Justin Trudeau se situe à l’opposé de cette stratégie. Usant de son charme et de sa photogénie, le chouchou de la presse s’est lancé corps et âme dans une entreprise de communication bien rôdée après son élection en novembre 2015. On l’a vu se mettre en scène auprès des populations autochtones, auprès de la communauté LGBT lors de la marche des fiertés à Toronto et plus récemment en hôte d’accueil des réfugiés arrivant de Syrie. A grand coup de selfies, affichant son plus beau sourire dans des tenues décontractés, le premier ministre canadien s’est construit une image d’ange-gardien de la diversité, de défenseur des droits de l’Homme et de « progressiste ». Les vidéos et images de cet homme parfait ont été publiées et relayées des millions de fois sur les réseaux sociaux qui en ont vite fait le porte-drapeau des aspirations nouvelles d’une humanité en mal de changements. Mais les apparences sont trompeuses et il demeure un politicien bien banal quand on se donne la peine de regarder sous le vernis de la communication. Apôtre du libre-échange, Monsieur Trudeau n’est pas prêt à remettre en cause les milieux d’affaires aux activités controversées. L’exploitation des gaz de schistes qui détruisent les terres indiennes, polluent les nappes phréatiques et déciment les forêts est fortement encouragée, le projet d’oléoduc géant Keystone XL entre les Etats-Unis et le Canada devant même être relancé suite à la rencontre de Trudeau avec le président américain. Les activités minières des firmes canadiennes en Afrique et particulièrement en République démocratique du Congo où les enfants constituent la principale source de main d’œuvre ne semblent pas déranger notre chevalier blanc tout comme la deuxième place du Canada pour l’exportation d’armes vers les pays du Moyen-Orient. Une partie des citoyens commencent à comprendre que le premier ministre n’est pas vraiment de gauche et que son discours anti-austérité pré-électoral était un leurre. L’objectif est bien, comme dans de nombreux pays, de réduire les protections des travailleurs pour apporter plus de compétitivité aux entreprises qui en échange sont censées investir mais sans obligation formelle.
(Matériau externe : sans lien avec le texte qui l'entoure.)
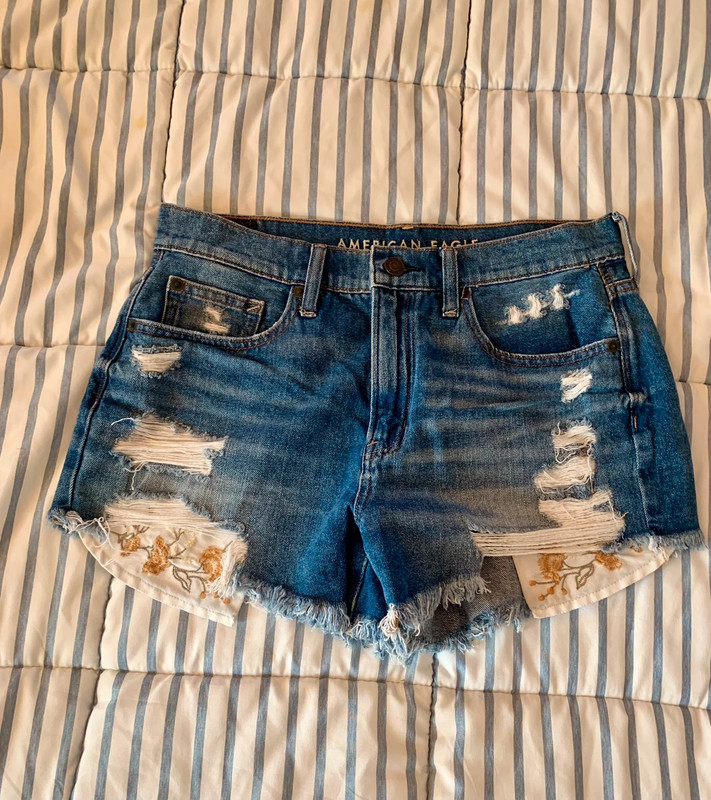 American eagle pocket detail shorts 1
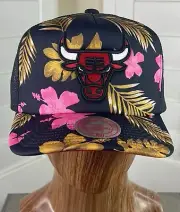 Mitchell & Ness NBA Chicago Bulls Floral/Hawaiian Snapback Trucker Hat - New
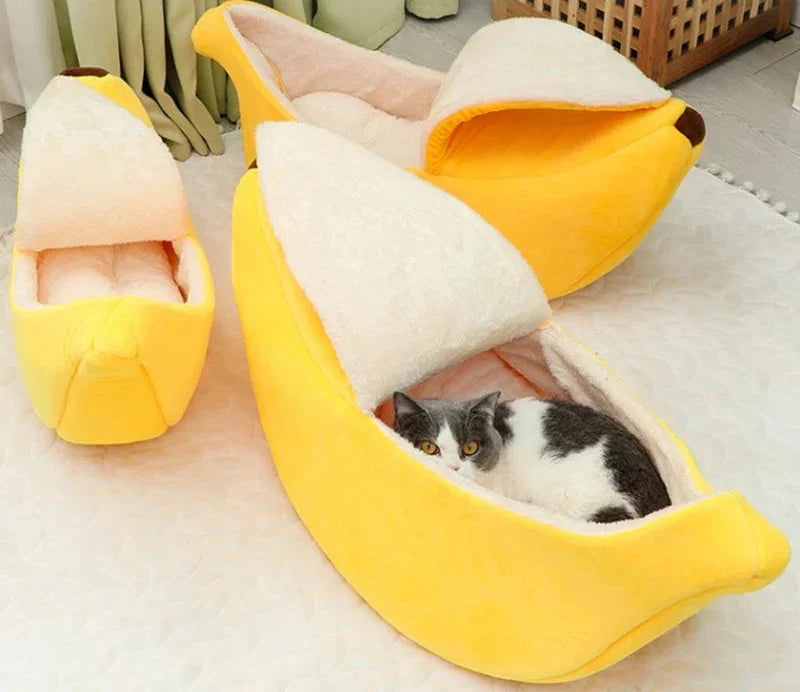 Cama suave y acogedora para gatos con un toque juguetón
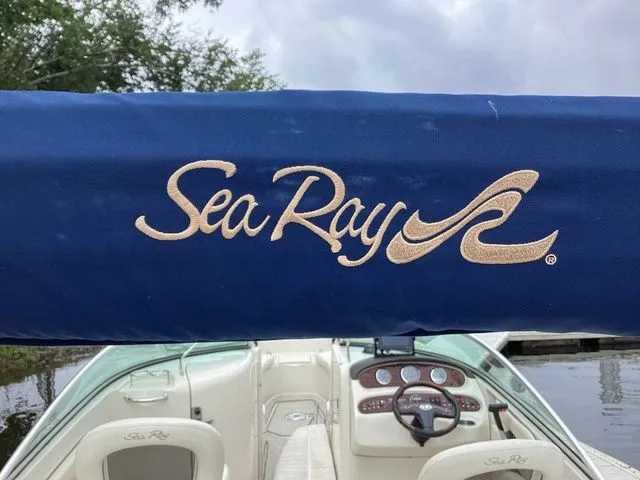 Slide: The Image of Sea Ray 240 Sundeck 2008 - 6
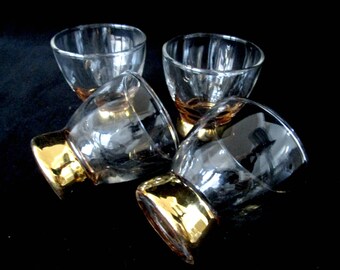 Set of 4 Cordials, Aperitifs, Liquor Glasses, 22kt Gold Base, Mid Century Barware, Gold Barware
Comparer Trudeau et Trump à l’ange et au démon permet donc de vendre du papier en utilisant l’opposition classique entre le bien et le mal. Cela permet également aux plus naïfs de croire qu’il existe un sauveur providentiel en ces temps troubles. En réalité, le Premier ministre canadien est le garant, comme pourrait l’être Emmanuel Macron, du maintien du système actuel en ajoutant une petite touche de jeunesse dont l’objectif est de donner l’illusion du renouveau tant attendu. S’il faut reconnaître la dangerosité du président américain capable de tout remettre en cause pour inscrire son nom dans l’Histoire, la stratégie de la séduction et des belles émotions éphémères ne pourra pas masquer éternellement les aspirations des sociétés pour une redéfinition profonde de leur rapport au monde.